Incidently, many observers besides Education Week refer to the curriculum studies of the 1960’s as “post-Sputnik reforms.” Actually the first National Science Foundation grant to the Physical Science Study Commission antedated the launching of the Sputnik by several months. The work of the University of Illinois Committee on School Mathematics preceded Sputnik by several years. I suppose, though, that the label is useful regardless of the fact that it is inaccurate.

Arnold B. Grobman Chancellor University of Missouri-St. Louis

The special report on math and science education was outstanding. Would that it could be put in the hands of the general public to provoke discussion. Too few writings of this stature reach the people who need it most--the general population.

Another report focusing on social studies and the humanities is overdue. What is true in science and math is certainly more pronounced in the fields that are perceived as less important by the consuming public. Math and science can sell themselves to students and parents. These courses are like national-defense spending--sacred.

But students who are not able to communicate in their native tongue, much less use a foreign language; students who have digested a steady diet of rock music and TV jiggle shows; students who do not know or appreciate the past are not going to solve the problems of the future, regardless of the amount of technical training they receive. Students must develop taste as well as talent.

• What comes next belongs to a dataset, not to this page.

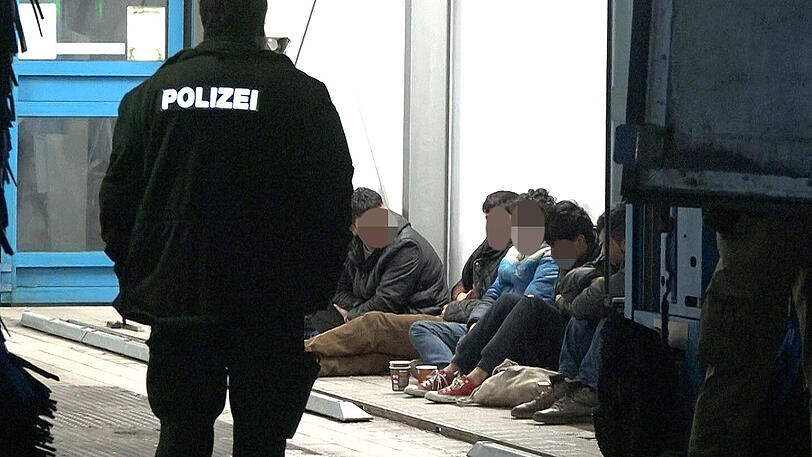 Als die Beamten die verplombten Türen öffneten, entdeckten sie sieben junge Männer zwischen 16 und 23 Jahre.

Teachers in these areas are also unappreciated and underpaid. Because their task has been viewed as unimportant, transfers within their disciplines are commonplace and little heed is given to expertise and skill. That anybody can teach history or social studies has long been the criteria in many schools. Teachers develop a poor self image. Teachers lacking self esteem can not inspire students to learn.

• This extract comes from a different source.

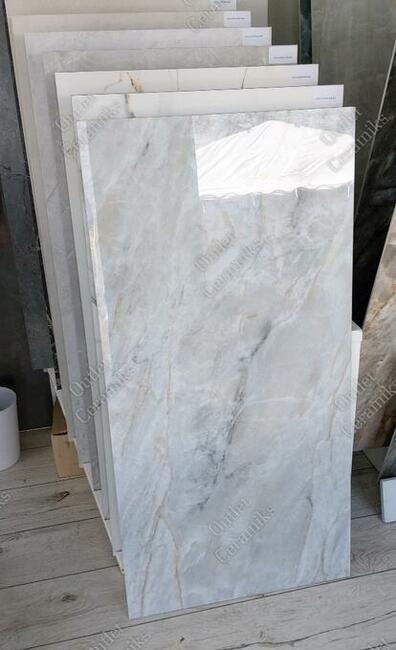 Płytki łazienkowe polerowane 120x60 kamień Brazilian natural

As past president of the Pennsylvania Council for the Social Studies and current editor of News and Views, the official publication of the Council, I am very concerned about education in general. There is a crisis in math and science but the problem does not stop there. The entire educational system needs to be strengthened.

Leo R. West Pittsburgh, Pa.

Replacing single-salary schedules for teachers with differentiated teaching roles and salaries is an oversimplified and divisive approach that is actually counterproductive to achieving improved teaching without having to increase public-school budgets.

The private-industry approach of rewarding excellence at the expense of incompetence makes good sense in a profit-oriented business. It does not work in a public-service, nonprofit area like teaching.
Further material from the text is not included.